Both rivers are well-managed by the Forest Service and although they are popular, launches are restricted and neither river ever feels crowded. On the Snake we do encounter jet boats, which are motor boats that travel the river for fishing and sightseeing. Some days we'll see two to four and other days as many as ten. On the Middle Fork there are no jet boats, but occasional low-flying airplanes are sometimes seen or heard.
The Lower Salmon - aka, Salmon River Canyons "River of No Return"

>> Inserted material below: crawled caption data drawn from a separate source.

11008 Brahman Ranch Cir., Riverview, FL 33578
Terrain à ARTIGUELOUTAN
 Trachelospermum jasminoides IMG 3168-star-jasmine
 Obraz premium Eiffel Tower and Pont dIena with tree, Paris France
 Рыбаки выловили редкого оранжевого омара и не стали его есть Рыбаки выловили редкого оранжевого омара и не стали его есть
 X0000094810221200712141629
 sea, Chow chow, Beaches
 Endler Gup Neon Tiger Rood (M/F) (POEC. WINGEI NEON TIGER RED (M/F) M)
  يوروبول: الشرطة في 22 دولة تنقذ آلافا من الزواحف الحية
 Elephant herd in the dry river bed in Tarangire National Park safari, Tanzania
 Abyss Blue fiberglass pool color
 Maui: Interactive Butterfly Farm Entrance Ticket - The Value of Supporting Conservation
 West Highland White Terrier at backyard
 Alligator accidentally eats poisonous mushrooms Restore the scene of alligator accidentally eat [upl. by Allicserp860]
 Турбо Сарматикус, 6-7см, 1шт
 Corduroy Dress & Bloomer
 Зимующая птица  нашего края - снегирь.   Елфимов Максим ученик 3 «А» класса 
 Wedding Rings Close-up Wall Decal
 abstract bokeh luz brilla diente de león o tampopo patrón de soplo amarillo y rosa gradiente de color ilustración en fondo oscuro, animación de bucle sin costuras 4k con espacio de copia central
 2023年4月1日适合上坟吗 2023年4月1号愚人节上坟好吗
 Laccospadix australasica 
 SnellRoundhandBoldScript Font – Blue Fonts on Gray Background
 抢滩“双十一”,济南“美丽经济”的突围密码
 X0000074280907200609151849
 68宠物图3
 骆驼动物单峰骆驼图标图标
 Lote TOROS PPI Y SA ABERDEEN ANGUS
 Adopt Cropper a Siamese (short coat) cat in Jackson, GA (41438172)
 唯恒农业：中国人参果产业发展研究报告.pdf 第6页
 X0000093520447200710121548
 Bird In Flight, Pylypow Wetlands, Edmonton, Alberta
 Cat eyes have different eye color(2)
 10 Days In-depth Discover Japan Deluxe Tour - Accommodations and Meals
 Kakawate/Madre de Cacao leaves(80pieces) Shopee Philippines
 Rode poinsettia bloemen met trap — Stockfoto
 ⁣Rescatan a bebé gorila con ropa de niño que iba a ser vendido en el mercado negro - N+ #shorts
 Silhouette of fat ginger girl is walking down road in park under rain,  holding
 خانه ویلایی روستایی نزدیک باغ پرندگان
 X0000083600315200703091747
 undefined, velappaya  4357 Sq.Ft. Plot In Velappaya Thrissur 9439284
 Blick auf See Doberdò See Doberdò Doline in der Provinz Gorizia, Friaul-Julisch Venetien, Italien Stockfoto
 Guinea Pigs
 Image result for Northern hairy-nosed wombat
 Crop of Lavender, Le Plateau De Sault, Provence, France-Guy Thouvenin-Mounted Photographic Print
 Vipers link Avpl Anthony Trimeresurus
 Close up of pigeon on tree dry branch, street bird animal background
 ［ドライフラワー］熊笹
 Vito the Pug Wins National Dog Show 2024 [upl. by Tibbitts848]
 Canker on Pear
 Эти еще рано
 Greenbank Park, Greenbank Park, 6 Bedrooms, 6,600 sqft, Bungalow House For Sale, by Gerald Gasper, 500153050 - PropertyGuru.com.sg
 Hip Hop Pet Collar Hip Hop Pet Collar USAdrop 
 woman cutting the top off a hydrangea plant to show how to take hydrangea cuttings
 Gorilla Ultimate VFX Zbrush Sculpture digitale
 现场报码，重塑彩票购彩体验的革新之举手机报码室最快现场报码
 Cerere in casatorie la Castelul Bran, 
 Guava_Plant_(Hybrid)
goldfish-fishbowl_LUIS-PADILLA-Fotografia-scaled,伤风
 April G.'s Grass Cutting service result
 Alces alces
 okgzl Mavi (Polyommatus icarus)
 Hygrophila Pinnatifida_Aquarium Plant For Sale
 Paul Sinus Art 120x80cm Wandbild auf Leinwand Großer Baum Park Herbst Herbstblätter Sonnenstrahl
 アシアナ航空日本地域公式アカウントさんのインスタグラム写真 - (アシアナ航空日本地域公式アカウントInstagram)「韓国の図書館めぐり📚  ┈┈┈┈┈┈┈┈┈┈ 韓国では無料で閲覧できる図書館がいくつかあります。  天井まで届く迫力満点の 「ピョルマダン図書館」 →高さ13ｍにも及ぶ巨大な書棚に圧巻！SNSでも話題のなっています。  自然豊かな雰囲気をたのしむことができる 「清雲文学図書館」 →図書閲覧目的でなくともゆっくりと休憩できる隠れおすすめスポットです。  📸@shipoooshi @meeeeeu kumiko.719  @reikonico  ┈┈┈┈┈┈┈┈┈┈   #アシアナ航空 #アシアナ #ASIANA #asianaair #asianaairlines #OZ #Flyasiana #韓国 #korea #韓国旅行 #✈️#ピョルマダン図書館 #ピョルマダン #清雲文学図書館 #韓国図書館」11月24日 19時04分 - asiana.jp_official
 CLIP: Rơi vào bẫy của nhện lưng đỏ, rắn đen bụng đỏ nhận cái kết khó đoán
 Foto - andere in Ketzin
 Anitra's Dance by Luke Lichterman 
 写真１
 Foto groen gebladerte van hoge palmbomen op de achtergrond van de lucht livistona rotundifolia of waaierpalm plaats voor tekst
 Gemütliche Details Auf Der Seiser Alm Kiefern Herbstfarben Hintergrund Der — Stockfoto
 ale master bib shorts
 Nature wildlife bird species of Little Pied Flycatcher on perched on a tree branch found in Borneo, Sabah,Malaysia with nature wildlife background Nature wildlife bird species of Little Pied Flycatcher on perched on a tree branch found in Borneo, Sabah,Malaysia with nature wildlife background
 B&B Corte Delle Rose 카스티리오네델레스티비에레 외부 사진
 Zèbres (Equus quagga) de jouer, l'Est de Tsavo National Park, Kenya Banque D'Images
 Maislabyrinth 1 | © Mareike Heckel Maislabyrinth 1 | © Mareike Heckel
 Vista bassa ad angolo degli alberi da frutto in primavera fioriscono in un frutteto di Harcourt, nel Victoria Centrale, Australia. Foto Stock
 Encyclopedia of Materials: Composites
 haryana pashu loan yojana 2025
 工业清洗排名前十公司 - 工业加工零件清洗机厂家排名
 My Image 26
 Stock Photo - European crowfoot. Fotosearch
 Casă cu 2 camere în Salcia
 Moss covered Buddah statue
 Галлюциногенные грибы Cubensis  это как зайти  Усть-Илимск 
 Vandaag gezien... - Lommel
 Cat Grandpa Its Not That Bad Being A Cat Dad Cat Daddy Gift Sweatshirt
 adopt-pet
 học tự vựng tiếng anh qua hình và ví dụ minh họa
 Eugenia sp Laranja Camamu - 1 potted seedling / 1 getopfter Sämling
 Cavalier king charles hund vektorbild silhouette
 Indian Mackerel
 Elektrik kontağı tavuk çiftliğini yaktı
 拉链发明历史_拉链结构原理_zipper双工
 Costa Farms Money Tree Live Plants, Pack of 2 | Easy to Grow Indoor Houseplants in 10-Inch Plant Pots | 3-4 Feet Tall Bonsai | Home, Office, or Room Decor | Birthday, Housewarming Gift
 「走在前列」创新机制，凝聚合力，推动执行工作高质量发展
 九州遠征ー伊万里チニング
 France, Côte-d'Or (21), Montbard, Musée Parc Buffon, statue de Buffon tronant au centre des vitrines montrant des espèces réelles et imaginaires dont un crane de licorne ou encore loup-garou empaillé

These Salmon River rafting trips are more similar in nature to the Snake than the Middle Fork as it is also fairly low in elevation, has semi-arid scenery, pool and drop rapids and hot summer weather. Also like the Snake, the water is warm - reaching 70 degrees by midsummer! The rapids are fun and perfect for those wanting to ride in a paddle raft or an inflatable kayak (our Daring Duckies!)
The biggest difference on this trip is that we camp on huge white sand beaches each of which slopes gently into the calm eddies where swimming is a delight. These beach camps are one of the main reasons that this river is the location for our Family Magic trips designed for families with rafters ages 5 and up. Younger ages are allowed on the Snake as well. Kids in the 5-10 year old bracket will generally be better off on the Snake or the Salmon River Canyons.